Friday, January 19, 2018

Just a thought

Children restrained, taunted with food: I wonder if so-called blanket training is a partial explanation of what went on in David and Louise Turpin’s house. Just a thought.

comments: 5

Fresca said...

OMG! Or taunt the baby with something they like, such as, pictured, a stuffed animal!
NOooooooooo!
So, so wrong in every way.
This makes me cry--with rage as well as horror and pity.

Michael Leddy said...

It’s sick. I learned about this sort of thing only recently and am horrified to realize that it’s all around us in the “heartland.”

Daughter Number Three said...

I also wanted to write OMG as my first word, but Fresca beat me to it.

I had no idea they did this. I knew they believe in "spare the rod, spoil the child," of course, but not that they set the kids up this way.

Sick is right.

Frex said...

And it has interesting political ramifications, don't you think?
Raising a class of people to be obedient and to distrust their own--and others'--instincts for good? And if one becomes a leader, what sort of tactics would this person use?

Reminds me of the old British public schools, where children were sent by people who loved them, because it was good for them--
a psychologist has even given their fallout a name: Boarding School Syndrome.
This mix of love and betrayal is such a weird potent mix--
and it works really well to raise a ruling class, one that rules without empathy (justice without mercy).

From a review in the Guardian:

"In the 20th century a clutch of authors, from George Orwell to Roald Dahl, wrote in their different ways about the systemic cruelty, psychological and physical, and of its wider effects.

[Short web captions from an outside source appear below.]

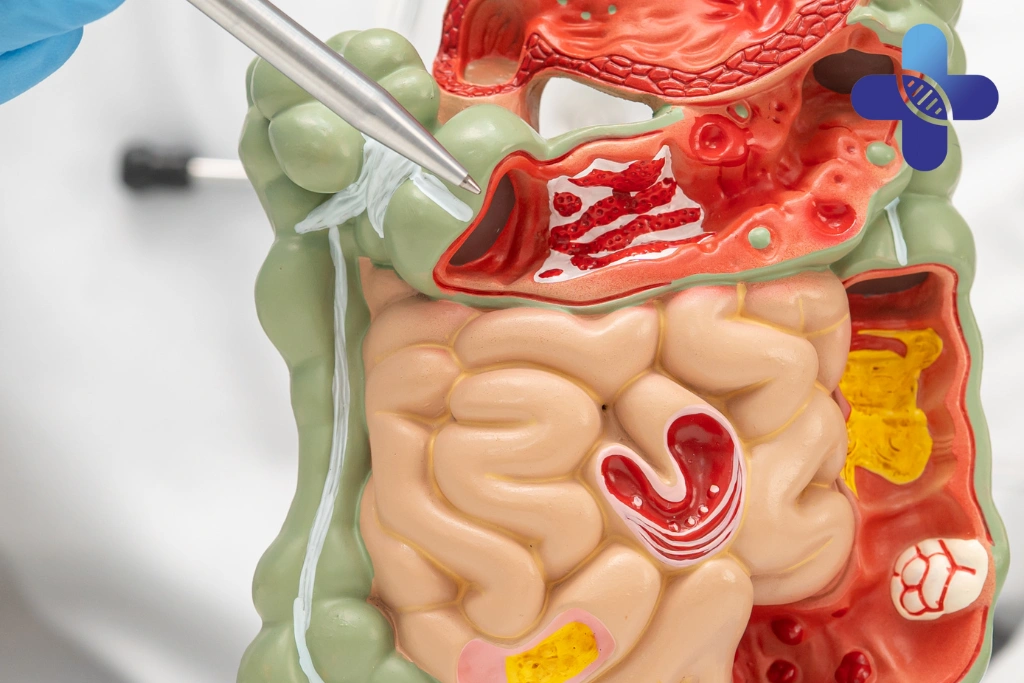 Conclusion - Stomach Reaction During Travel Bali_ Causes & What to Do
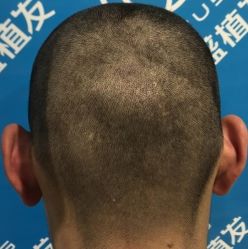 体验前-碧莲盛·不剃发植发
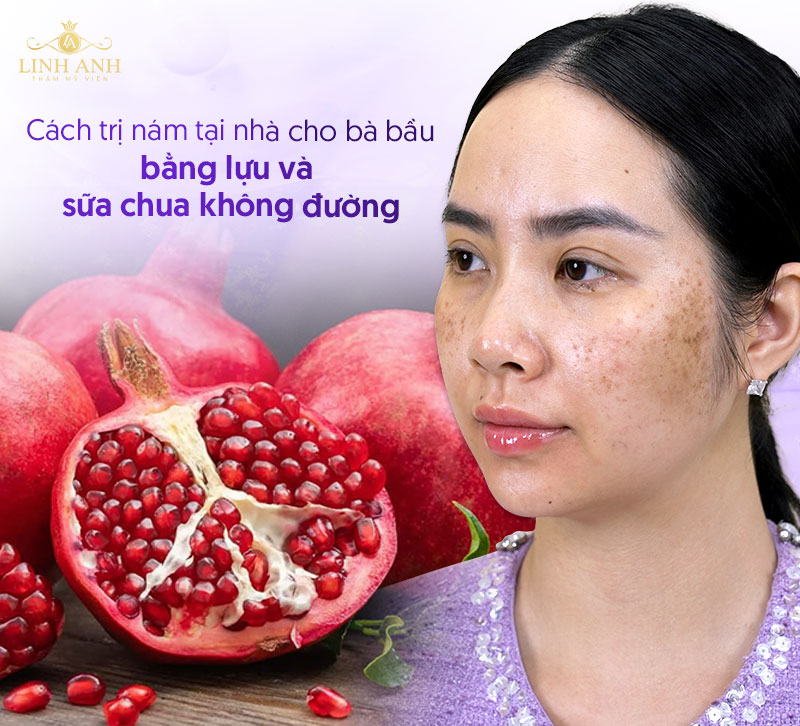 Cách trị nám da dành cho bà bầu dân gian với lựu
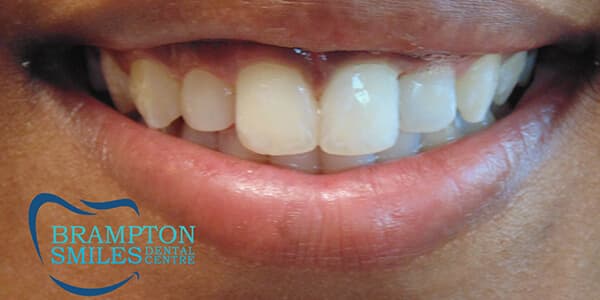 After — Before and after smile transformation at Brampton Smiles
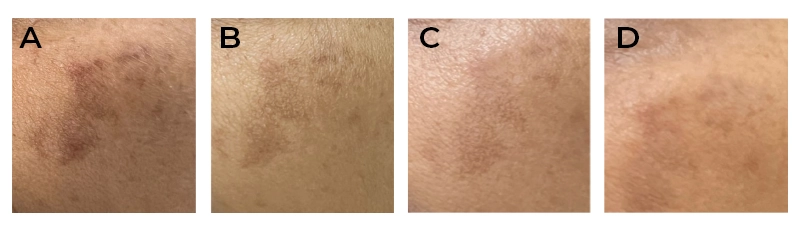 Benefits of Exosomes with Microneedling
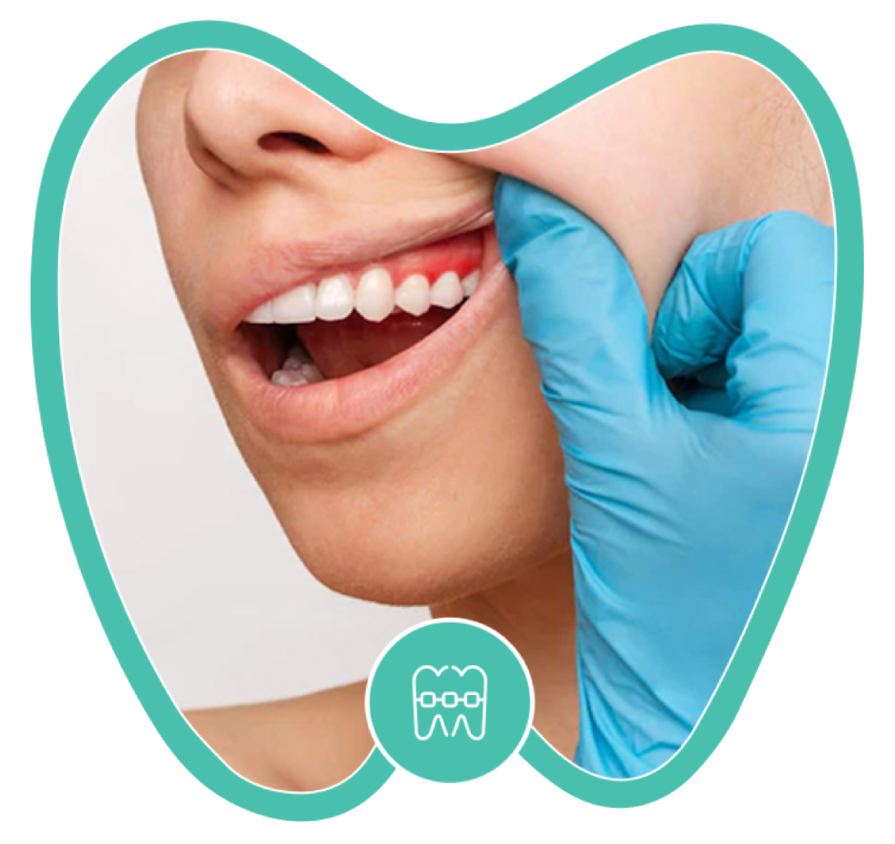 A person’s gum being gently pulled back by a gloved hand during a dental examination.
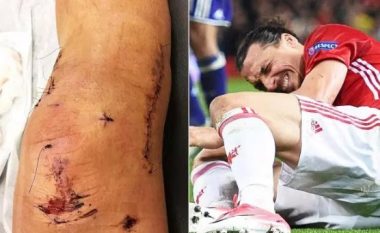 Ibrahimovic zbulon foton nga lëndimi që kishte dhe fjalët e mjekëve për ta mbyllur karrierën: Ata thanë se përfundoi, unë thashë jo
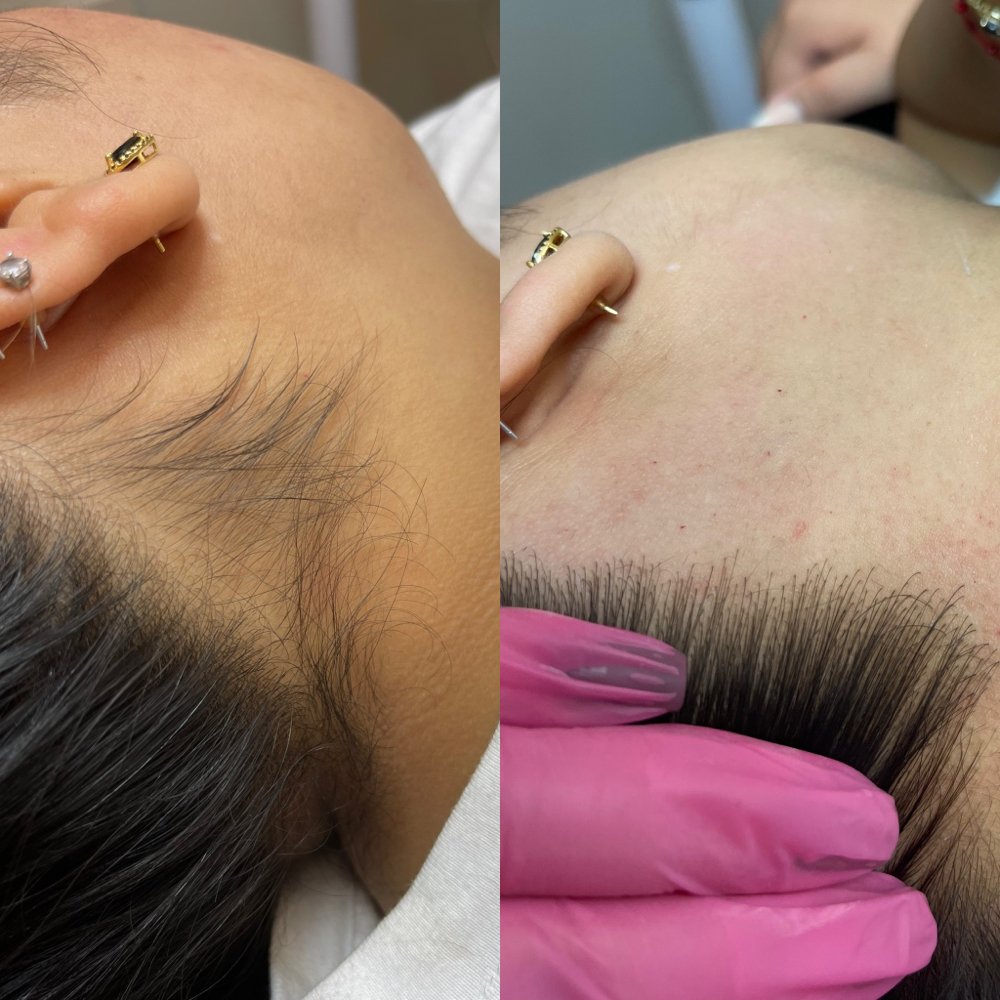 Hairline wax Las Vegas: before and after a clean hairline and neck wax at Pink Crab Wax Bar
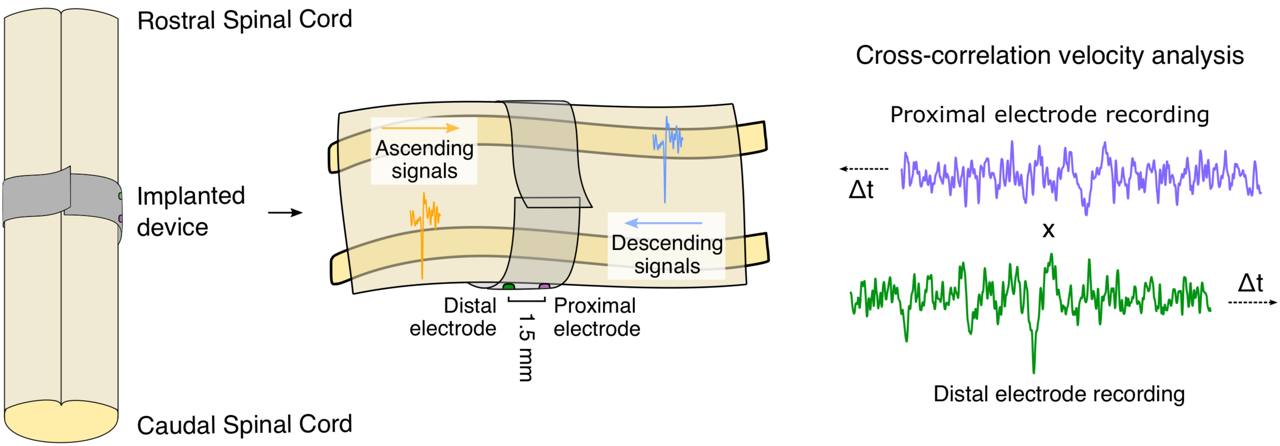 Signal Detection Schematic
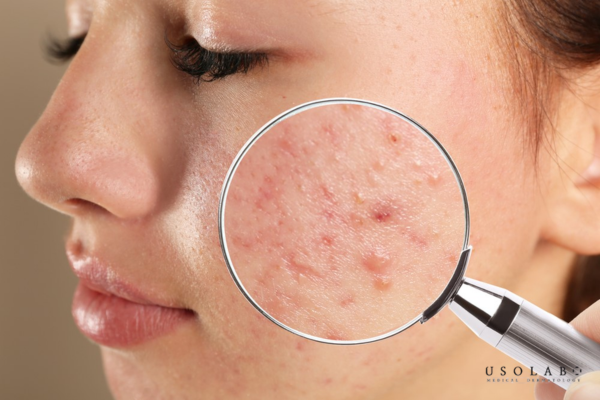 Mụn nội tiết là tình trạng mụn hình thành do sự rối loạn hoặc tăng hoạt động hormone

"One of those was the establishment of the principle, among the elite and the ordinary, that to have been brutalised at a boarding school was key to becoming the right sort of Briton – one that might run an empire or a corporation, or a cricket team.
Naturally, as the proven best way to educate a ruling caste, the system spread across the English-speaking world."

www.theguardian.com/books/2015/jun/08/boarding-school-syndrome-joy-schaverien-review

Michael Leddy said...

That’s ghastly. And in both scenarios, there’s no one to appeal to for help.